The Darfur conflict has not lent itself to quick solutions. It has evolved from a rebellion with relatively defined political aims to a conflict increasingly overshadowed by shifting alliances, defections, regional and international meddling and a growing, complex tribal dimension. This is particularly true since the
signing of the DPA. The NCP is behind this transition and the continued tribalisation of the conflict; it has been deft at pulling strings to divide the rebels, empower Arab allies, generate mistrust, and minimise the space for Darfurians to unite around a common political vision and oppose the regime in upcoming elections. It has also expanded its control by institutionalising the demographic shifts and creating new localities.
The rebel factions have been unable to maintain a unified focus and have instead descended into a spiral of infighting and splintering, exasperating outside attempts to bring them together. They, like the NCP, have refused to adhere to previous ceasefires. Some have even tried to widen the conflict into the Kordofans, encouraging local uprising and insurgency. Many Arab groups, previously engaged in the conflict solely as elements of the counter-insurgency, have also entered the fray, as they have grown more frustrated with the NCP or have wanted to secure their gains in Darfur. The DPA signatories, despite signing up to a peace deal, have been a generally destabilising presence on the ground as well. The consequences of all of this have been felt the hardest by the millions of Darfurians who continue to be displaced, as well as by the humanitarian agencies that are increasingly under siege.
For some time, there was a lack of sustained international peacemaking engagement – beyond rhetoric – with most efforts focused on peacekeeping. Much energy was spent, commendably, to ensure that a hybrid operation would be able take over from the ailing AMIS but there is now the risk that the stronger
UNAMID force will arrive in Darfur with no peace to keep. Nevertheless, this is not a reason to rush; for the AU/UN mediation effort to be successful, it must avoid the trap of thinking there are quick fixes. Peace talks are the first step in a long process but they require broader participation, including that of women, to be successful.

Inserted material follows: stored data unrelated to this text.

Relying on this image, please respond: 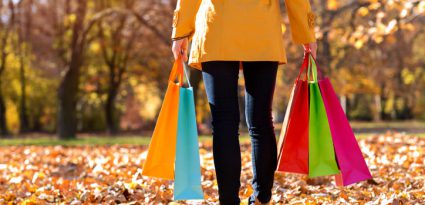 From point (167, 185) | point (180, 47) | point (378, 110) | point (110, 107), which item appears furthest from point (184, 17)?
point (378, 110)

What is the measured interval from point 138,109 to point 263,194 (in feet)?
129

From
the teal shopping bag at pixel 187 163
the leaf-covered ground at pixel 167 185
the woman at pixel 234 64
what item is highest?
the woman at pixel 234 64

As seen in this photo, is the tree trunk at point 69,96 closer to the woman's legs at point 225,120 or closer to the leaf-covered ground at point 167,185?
the leaf-covered ground at point 167,185

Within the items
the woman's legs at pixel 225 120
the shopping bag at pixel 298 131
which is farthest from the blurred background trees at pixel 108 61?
the woman's legs at pixel 225 120

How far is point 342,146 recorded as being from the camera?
3863mm

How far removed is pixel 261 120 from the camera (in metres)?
3.48

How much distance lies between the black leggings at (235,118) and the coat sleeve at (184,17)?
30 cm

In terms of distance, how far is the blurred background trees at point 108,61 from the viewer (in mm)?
21062

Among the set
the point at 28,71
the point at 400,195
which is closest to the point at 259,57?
the point at 400,195

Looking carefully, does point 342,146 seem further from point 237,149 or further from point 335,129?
point 237,149

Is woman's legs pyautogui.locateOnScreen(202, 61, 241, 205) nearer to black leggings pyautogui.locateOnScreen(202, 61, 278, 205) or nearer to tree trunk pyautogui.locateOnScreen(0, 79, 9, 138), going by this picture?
black leggings pyautogui.locateOnScreen(202, 61, 278, 205)

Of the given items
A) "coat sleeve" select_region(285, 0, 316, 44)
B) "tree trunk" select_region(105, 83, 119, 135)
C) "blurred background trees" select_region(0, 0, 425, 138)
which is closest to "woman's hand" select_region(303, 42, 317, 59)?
"coat sleeve" select_region(285, 0, 316, 44)

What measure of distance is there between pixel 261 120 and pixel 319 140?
0.56m

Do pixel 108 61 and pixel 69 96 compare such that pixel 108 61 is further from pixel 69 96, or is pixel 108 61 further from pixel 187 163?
pixel 187 163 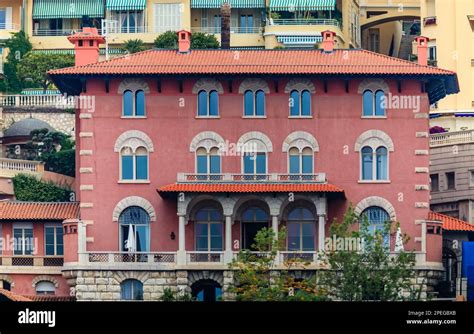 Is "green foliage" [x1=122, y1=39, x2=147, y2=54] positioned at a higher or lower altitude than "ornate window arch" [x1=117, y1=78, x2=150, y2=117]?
higher

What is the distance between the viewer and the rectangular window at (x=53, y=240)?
7056 centimetres

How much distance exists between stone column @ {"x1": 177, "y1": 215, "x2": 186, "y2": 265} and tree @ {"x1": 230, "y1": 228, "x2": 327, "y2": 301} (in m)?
2.64

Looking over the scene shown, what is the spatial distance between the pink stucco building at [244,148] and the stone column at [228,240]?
0.12 meters

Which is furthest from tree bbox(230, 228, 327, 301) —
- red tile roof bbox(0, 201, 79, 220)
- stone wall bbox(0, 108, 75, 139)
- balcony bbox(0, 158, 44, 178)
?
stone wall bbox(0, 108, 75, 139)

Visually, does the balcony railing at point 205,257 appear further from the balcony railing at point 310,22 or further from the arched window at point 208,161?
the balcony railing at point 310,22

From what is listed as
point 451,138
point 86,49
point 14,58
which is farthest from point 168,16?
point 86,49

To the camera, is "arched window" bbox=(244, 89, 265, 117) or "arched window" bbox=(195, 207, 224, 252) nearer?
"arched window" bbox=(195, 207, 224, 252)

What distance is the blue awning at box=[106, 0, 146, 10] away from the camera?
114062mm

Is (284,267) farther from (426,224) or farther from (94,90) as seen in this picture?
(94,90)

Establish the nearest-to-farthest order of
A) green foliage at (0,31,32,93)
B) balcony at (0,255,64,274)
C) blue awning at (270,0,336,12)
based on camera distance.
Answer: balcony at (0,255,64,274), green foliage at (0,31,32,93), blue awning at (270,0,336,12)

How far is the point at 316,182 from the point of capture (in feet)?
227

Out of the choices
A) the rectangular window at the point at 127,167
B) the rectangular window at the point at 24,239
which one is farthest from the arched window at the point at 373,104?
the rectangular window at the point at 24,239

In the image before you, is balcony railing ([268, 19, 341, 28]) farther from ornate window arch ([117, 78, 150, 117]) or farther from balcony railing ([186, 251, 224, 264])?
balcony railing ([186, 251, 224, 264])

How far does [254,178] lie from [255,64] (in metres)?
5.32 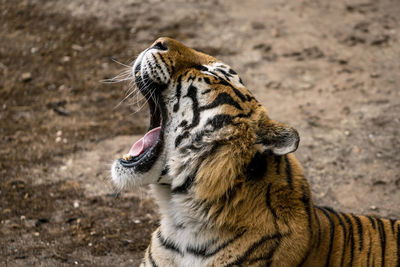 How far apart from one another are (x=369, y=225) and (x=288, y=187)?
553 mm

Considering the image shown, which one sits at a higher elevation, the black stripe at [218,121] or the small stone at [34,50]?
the black stripe at [218,121]

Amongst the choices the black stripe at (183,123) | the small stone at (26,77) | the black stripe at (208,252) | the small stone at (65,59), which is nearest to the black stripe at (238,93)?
the black stripe at (183,123)

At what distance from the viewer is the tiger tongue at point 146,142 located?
2.51 m

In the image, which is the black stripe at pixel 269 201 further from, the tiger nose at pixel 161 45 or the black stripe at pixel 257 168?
the tiger nose at pixel 161 45

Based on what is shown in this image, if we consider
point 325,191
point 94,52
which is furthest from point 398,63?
point 94,52

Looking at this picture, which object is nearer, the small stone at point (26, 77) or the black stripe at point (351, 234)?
the black stripe at point (351, 234)

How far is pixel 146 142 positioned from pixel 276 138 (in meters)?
0.64

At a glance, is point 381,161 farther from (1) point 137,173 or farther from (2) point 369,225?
(1) point 137,173

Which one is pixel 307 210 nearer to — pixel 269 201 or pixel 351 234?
pixel 269 201

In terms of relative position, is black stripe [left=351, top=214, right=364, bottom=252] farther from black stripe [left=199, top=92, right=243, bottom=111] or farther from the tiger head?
black stripe [left=199, top=92, right=243, bottom=111]

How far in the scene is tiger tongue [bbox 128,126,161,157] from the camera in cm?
251

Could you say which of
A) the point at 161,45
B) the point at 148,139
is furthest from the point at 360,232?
the point at 161,45

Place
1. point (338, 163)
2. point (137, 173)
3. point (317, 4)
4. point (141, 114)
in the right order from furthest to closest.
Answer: point (317, 4)
point (141, 114)
point (338, 163)
point (137, 173)

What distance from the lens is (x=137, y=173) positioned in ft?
7.95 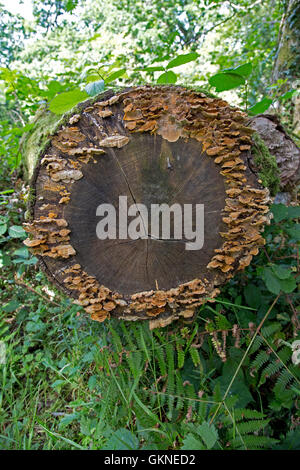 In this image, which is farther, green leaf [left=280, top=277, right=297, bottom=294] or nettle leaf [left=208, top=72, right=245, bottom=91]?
nettle leaf [left=208, top=72, right=245, bottom=91]

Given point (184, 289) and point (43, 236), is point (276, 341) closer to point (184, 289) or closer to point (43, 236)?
point (184, 289)

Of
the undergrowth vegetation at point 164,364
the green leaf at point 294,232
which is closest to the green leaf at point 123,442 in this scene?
the undergrowth vegetation at point 164,364

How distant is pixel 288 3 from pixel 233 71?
110 inches

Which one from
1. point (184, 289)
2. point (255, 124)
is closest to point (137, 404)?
point (184, 289)

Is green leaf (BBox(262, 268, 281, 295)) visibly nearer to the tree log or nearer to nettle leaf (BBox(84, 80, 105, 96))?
the tree log

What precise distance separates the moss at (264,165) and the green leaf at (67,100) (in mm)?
869

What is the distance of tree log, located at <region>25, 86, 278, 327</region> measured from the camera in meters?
1.27

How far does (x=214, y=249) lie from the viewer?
52.6 inches

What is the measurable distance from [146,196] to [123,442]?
40.1 inches

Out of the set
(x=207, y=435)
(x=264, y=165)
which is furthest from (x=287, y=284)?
(x=207, y=435)

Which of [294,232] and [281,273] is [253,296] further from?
[294,232]

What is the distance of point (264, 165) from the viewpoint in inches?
55.4

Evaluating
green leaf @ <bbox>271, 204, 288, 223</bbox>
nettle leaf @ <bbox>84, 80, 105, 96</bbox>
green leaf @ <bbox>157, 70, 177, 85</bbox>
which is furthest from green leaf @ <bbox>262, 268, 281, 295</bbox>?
nettle leaf @ <bbox>84, 80, 105, 96</bbox>

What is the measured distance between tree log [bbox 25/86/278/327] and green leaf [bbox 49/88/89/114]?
0.39ft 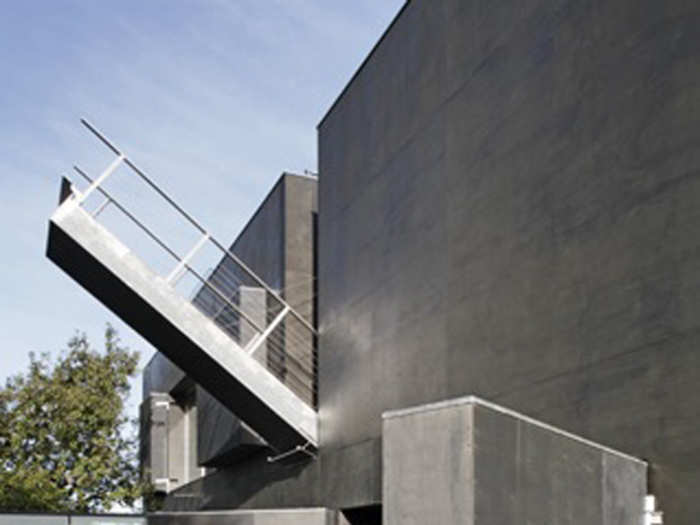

International efforts at peacemaking and peacekeeping must take advantage of the delay in the Libya talks and adapt to the changes in the nature and dynamics of the conflict. They must also effectively pressure the NCP to cease its devastating policies of demographic manipulation. To date, little has been done to hold the NCP accountable. Failure to respond appropriately would leave the international community as an unwitting accomplice to the beginnings of Sudan’s next civil war.